I have been working on a prototype for a little while and, although it is still in the early stages, I've just gotten it to do something useful and so I wanted to share my results.
Here is a Saleae screenshot of an implementation of BitBanger sending the bytes 'Hello' (if you look closely at the screenshot, just under the time axis, you can actually see the Saleae UI showing the ASCII characters)
I'm sending 40 bits in 16.6667 microseconds for a rate of 2.4 megabits/second. Not bad!
What follows is a walkthrough of how I think the system ought to work. The items in black text are working now; the items in red text are not working yet (and so one must work around them, e.g. by doing a bunch of laborious cutting and pasting). In a future version things will work more smoothly. The steps are somewhat involved, so I will try to go over them in detail.
These instructions are meant to show how the system will eventually work. The instructions are included here for completeness, but it is probably too early for you to try them on your system unless you are a glutton for punishment.
- Flash your Netduino with an interop-capable version of the firmware. Chris Walker has graciously built a custom version of the firmware which is based on v4.1.1 beta 1 but which includes the needed entry point. I have attached the firmware to this post.
- Download and build my SimpleNgen "compiler". This is a full-framework program meant to be run on your PC.

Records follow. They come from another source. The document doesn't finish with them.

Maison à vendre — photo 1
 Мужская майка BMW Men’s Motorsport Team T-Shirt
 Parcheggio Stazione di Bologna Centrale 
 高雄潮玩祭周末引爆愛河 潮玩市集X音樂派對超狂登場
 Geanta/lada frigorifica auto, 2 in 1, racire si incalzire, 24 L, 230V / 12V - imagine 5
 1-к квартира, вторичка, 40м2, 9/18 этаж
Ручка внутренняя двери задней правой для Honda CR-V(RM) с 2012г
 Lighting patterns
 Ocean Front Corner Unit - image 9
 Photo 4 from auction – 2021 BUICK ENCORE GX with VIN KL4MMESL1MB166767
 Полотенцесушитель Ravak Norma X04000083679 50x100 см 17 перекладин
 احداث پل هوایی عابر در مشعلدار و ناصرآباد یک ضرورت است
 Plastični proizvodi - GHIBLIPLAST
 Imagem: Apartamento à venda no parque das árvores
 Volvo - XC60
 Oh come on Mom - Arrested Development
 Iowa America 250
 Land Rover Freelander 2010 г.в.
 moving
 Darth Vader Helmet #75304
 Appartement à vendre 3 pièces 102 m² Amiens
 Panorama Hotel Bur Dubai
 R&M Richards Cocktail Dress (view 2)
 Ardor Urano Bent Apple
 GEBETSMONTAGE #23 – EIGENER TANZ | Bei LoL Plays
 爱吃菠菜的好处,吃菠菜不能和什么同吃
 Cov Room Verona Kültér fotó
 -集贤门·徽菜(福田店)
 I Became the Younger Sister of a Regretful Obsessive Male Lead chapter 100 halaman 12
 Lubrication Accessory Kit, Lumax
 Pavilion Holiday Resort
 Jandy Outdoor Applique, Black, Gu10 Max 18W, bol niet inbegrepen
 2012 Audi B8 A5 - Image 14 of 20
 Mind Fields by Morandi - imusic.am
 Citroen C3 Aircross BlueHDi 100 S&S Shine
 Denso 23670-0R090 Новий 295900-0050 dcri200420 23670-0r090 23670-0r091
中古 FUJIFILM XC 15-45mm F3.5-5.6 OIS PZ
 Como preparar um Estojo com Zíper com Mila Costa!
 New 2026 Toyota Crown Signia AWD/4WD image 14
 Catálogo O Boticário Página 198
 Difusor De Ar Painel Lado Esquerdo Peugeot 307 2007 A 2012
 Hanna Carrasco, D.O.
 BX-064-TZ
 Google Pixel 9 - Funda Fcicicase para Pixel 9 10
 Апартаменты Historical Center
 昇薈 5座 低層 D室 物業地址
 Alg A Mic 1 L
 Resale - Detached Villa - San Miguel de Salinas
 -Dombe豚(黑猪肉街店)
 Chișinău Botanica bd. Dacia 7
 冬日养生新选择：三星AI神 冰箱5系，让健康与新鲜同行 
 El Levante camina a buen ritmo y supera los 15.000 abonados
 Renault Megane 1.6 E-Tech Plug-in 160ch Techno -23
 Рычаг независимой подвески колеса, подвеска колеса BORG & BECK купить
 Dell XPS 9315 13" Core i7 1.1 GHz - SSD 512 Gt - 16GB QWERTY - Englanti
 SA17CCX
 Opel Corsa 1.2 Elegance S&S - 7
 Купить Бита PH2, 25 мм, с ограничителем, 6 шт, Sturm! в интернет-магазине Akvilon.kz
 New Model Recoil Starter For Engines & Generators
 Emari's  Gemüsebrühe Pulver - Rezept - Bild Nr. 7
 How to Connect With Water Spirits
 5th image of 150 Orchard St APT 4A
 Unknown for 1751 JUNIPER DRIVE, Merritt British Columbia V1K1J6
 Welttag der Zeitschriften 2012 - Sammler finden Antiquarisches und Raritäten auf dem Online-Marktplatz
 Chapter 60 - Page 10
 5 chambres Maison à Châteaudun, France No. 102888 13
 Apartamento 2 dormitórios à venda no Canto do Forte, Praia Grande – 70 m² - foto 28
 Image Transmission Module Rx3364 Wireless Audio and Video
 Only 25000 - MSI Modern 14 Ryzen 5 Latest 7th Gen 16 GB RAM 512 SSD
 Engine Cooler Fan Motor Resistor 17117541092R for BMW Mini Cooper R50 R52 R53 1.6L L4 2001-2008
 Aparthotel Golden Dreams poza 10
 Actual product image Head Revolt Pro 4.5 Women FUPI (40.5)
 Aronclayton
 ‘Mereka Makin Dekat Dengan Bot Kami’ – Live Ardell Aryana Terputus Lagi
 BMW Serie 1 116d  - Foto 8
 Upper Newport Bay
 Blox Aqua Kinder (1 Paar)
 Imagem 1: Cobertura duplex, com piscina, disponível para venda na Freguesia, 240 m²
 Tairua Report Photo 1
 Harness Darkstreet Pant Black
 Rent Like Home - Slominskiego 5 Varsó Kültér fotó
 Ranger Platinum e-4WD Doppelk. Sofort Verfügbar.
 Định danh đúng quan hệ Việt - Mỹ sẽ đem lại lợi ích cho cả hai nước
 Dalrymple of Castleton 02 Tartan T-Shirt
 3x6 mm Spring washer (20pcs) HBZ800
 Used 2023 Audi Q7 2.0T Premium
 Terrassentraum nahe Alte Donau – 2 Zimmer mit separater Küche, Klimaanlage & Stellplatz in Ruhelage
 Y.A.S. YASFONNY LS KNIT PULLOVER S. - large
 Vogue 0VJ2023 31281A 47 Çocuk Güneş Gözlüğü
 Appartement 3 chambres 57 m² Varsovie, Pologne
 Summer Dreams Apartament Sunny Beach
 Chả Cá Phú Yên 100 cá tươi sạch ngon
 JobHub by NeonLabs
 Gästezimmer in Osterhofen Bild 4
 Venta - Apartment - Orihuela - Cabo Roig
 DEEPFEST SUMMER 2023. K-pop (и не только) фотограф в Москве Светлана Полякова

- Make a new C# project (that is, a Netduino project, not a full-framework project) which references my SimpleInterop library. Set the build options to "allow unsafe code" and "optimize code". The latter is not necessary but will probably make for better ARM output
- In the IDE, under "Add Class", make two new files: BitBanger.cs and BitBanger.Designer.cs
- The first file is the one into which you will write your code. [The second file will be written to by my compiler]
- Write your code conforming to the limitations outlined in the next section.
- [Configure a "post-build step" in your project to invoke my compiler. The result of this post-build step will be to write an array representing compiled code to BitBanger.Designer.cs]
- Compile your code once [if successful, it will invoke the post-build step and rewrite BitBanger.Designer.cs]. Then compile it a second time to include the compiled code in your solution.
Here is the source code I wrote for BitBanger.cs which appears in the attached NGgenSandbox.sln:
using SecretLabs.NETMF.Hardware.Netduino; namespace NgenSandbox { public unsafe static partial class BitBanger { private const int data=(int)Pins.GPIO_PIN_D0; private const int clock=(int)Pins.GPIO_PIN_D1; private const int enable=(int)Pins.GPIO_PIN_D2; public static int Bang(int length, int dummy1, int dummy2, int dummy3, byte *buffer) { //set up the three pins I need for SPI: MOSI, CLOCK, and ENABLE var dataPio=(int*)(Pio.BankBase+((data&0x20)<<4)); const int dataBitmask=1<<(data&0x1f); var clockPio=(int*)(Pio.BankBase+((clock&0x20)<<4)); const int clockBitmask=1<<(clock&0x1f); var enablePio=(int*)(Pio.BankBase+((enable&0x20)<<4)); const int enableBitmask=1<<(enable&0x1f); //initialize the hardware registers dataPio[Pio.PER]=dataBitmask; //enable data pin dataPio[Pio.OER]=dataBitmask; //configure data for output //don't care about the initial state of the data pin clockPio[Pio.PER]=clockBitmask; //enable clock pin clockPio[Pio.OER]=clockBitmask; //configure clock pin for output clockPio[Pio.CODR]=clockBitmask; //set clock initially low enablePio[Pio.PER]=enableBitmask; //enable SPI 'enable' pin enablePio[Pio.OER]=enableBitmask; //configure 'enable' pin for output enablePio[Pio.CODR]=enableBitmask; //set enable pin low to begin transaction //loop over my buffer for(var i=0; i<length; ++i) { var nextByte=buffer[i]; //loop over the bits in my byte for(var bitmask=0x80; bitmask!=0; bitmask>>=1) { clockPio[Pio.SODR]=clockBitmask; //set clock high if((nextByte&(bitmask))!=0) { dataPio[Pio.SODR]=dataBitmask; //set data } else { dataPio[Pio.CODR]=dataBitmask; //clear data } clockPio[Pio.CODR]=clockBitmask; //set clock low } } enablePio[Pio.SODR]=enableBitmask; //set enable pin high to end transaction return 0; } } public static class Pio { public const uint BankBase=0xfffff400; public const int PER=0; public const int OER=4; public const int ODR=5; public const int SODR=12; public const int CODR=13; public const int PDSR=15; } }
There are several things to note here:
- Most importantly, this is all written in C# (though admittedly making heavy use of unsafe constructs like pointers)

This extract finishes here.